The Trump administration’s shift to decades-long management plans encompassing vast stretches is in contrast to the Forest Service’s historical practice of grooming 3,000- to 10,000-acre parcels over a period of months.

In New Mexico, the agency is preparing an environmental report for the 185,586-acre Luna Restoration Project in the Gila National Forest. Work on the 179,054-acre La Garita Hills Restoration Project in Colorado’s Rio Grande National Forest is underway.

The Medicine Bow project would authorize clear-cutting on up to 95,000 acres, selective logging on up to 165,000 acres, and other treatments such as prescribed fire and hand thinning on up to another 100,000 acres. Martin said funding could come from the federal government and other sources.

Not everyone considers the plan a good idea. Some biologists say science doesn’t back up the efficacy of the treatments proposed, particularly logging and the prescribed burns that the Forest Service calls necessary for lodgepole pine to reproduce and more diverse species to take root.

“They say they are going to reduce fuel loads to limit wildfires, and the literature doesn’t support that,” said Daniel Tinker, an associate professor at the University of Wyoming, who has studied the region for 23 years. “We’ve had fires this summer that burned through areas that were clear-cut 15 years ago. Those stands weren’t supposed to burn for 100 years.”

Conservation groups also say the Forest Service truncated scientific review in a rush to meet congressional demands for increased timber production on public lands. For now, the proposal does not specify which parcels would be targeted and where those hundreds of miles of road would be built.

“They are trying to fast-track this,” said Marla Fox, an attorney for WildEarth Guardians.

“This is in line with the agency’s shift and approach under the Trump administration to ‘get out the cut,’ which means ‘let’s do some logging in the name of restoration.’ ”

Indeed, the national harvest in fiscal 2018 was expected to be the biggest in 20 years, the Forest Service’s Christiansen told the Senate Committee on Energy and Natural Resources in June. Supporting the timber industry is among the Medicine Bow plan’s goals, Martin said, but she added, “I wouldn’t say that timber interest takes precedent over any other interest.”

As many as 180 cattle and sheep ranches use the forest for grazing, said Jim Magagna, executive vice president of the Wyoming Stock Growers Association, which supports the project. Dead trees cost ranchers money and time when they fall and knock down fences.

Some pushback is internal. A group of Forest Service employees is skeptical the agency can pull off an undertaking of this size, citing the funding and infrastructure challenges that have slowed a massive restoration initiative in Arizona. That 2.4 million-acre partnership is harvesting ponderosa pine across four national forests.
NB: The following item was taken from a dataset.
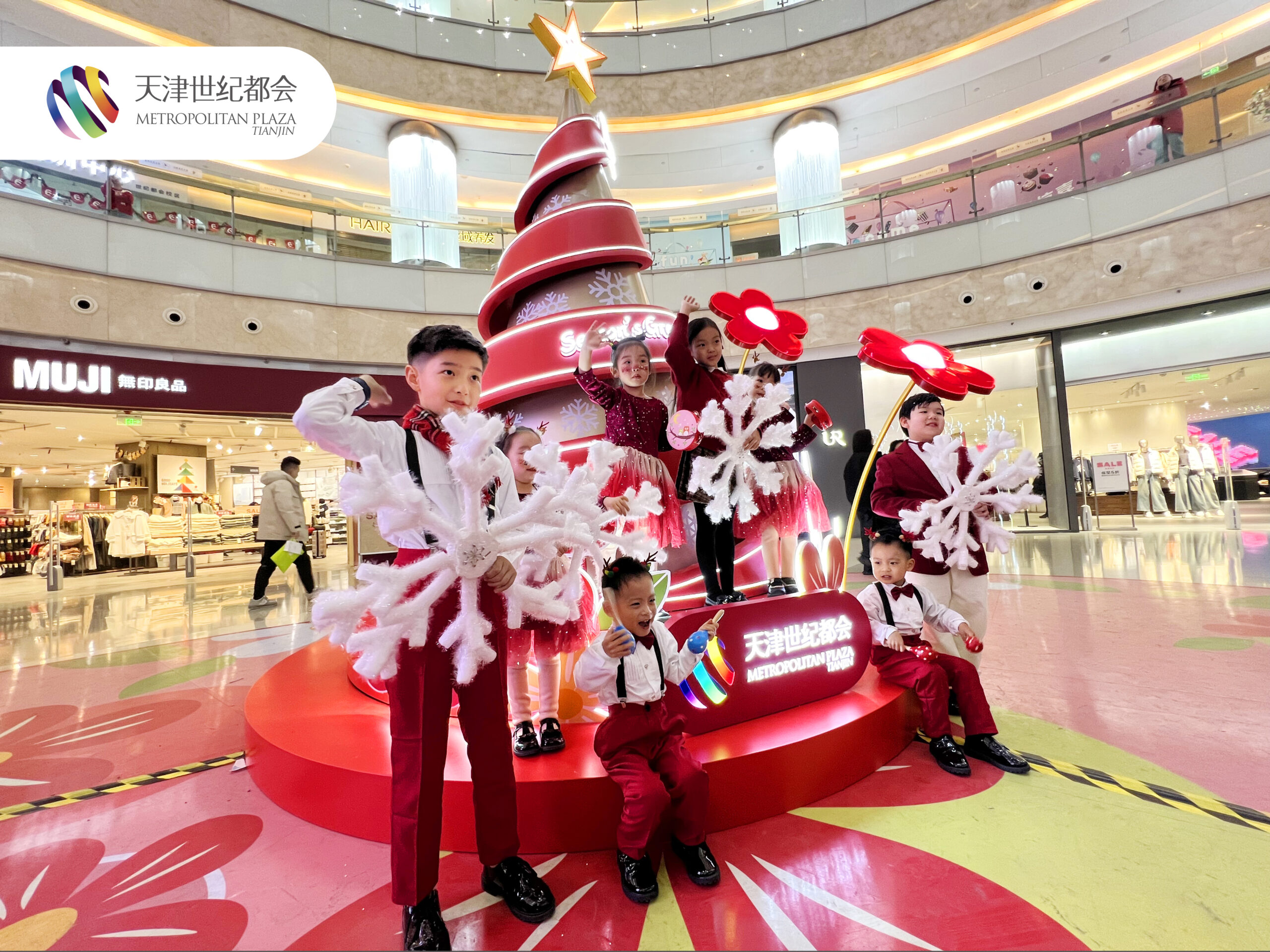 天津世紀(jì)都會(huì)《花花游樂園》歡樂啟幕 打造冬日夢幻慶典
Only about 106,000 acres were treated between fiscal 2010 and fiscal 2017.

“It’s naive to think that all of the biomass that the Forest Service wants to remove, whether by burning, hauling or chipping it on site, is going to pay for its way,” said Andy Stahl, executive director of Forest Service Employees for Environmental Ethics. “Certainly, prescribed burning doesn’t pay its way — it’s expensive at around $100,000 per acre.”

The agency is scheduled to make a decision on the Medicine Bow plan in mid-2019. If approved, it could provide lessons on how to help the West’s overgrown forests weather climate change and fire.

“The U.S. Forest Service has been trying to move this direction for several years but has not yet been successful due to the novelty and technical complexity involved,” Andrew Larson, associate professor at the University of Montana, said in an email.

“If this project moves forward to implementation, it will become a case study in how to approach truly large-scale landscape planning and management.”